EXERCISE GOAL: Repeat only the lines below from the one containing "Welcome back to" through the one containing "Over the years", inclusive, exactly as written.

PROVIDED RECORDS:
··········
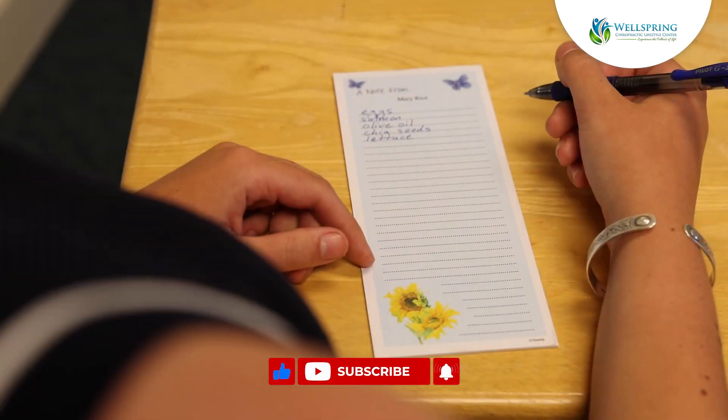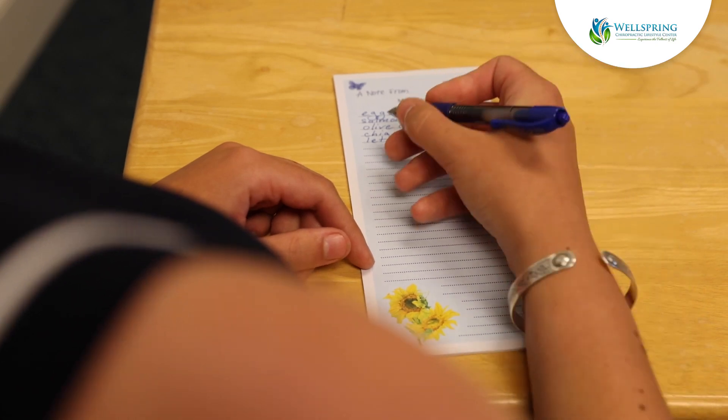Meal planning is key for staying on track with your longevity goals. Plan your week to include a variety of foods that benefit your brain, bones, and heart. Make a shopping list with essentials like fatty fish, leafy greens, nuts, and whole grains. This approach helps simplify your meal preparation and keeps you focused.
··········
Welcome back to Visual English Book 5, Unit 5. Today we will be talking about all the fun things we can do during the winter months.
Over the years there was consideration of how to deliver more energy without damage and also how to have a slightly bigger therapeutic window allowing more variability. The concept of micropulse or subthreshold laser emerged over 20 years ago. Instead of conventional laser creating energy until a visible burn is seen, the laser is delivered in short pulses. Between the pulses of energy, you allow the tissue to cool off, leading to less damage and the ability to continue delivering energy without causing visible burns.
··········
SOLVED PROBLEM:
Welcome back to Visual English Book 5, Unit 5. Today we will be talking about all the fun things we can do during the winter months.
Over the years there was consideration of how to deliver more energy without damage and also how to have a slightly bigger therapeutic window allowing more variability. The concept of micropulse or subthreshold laser emerged over 20 years ago. Instead of conventional laser creating energy until a visible burn is seen, the laser is delivered in short pulses. Between the pulses of energy, you allow the tissue to cool off, leading to less damage and the ability to continue delivering energy without causing visible burns.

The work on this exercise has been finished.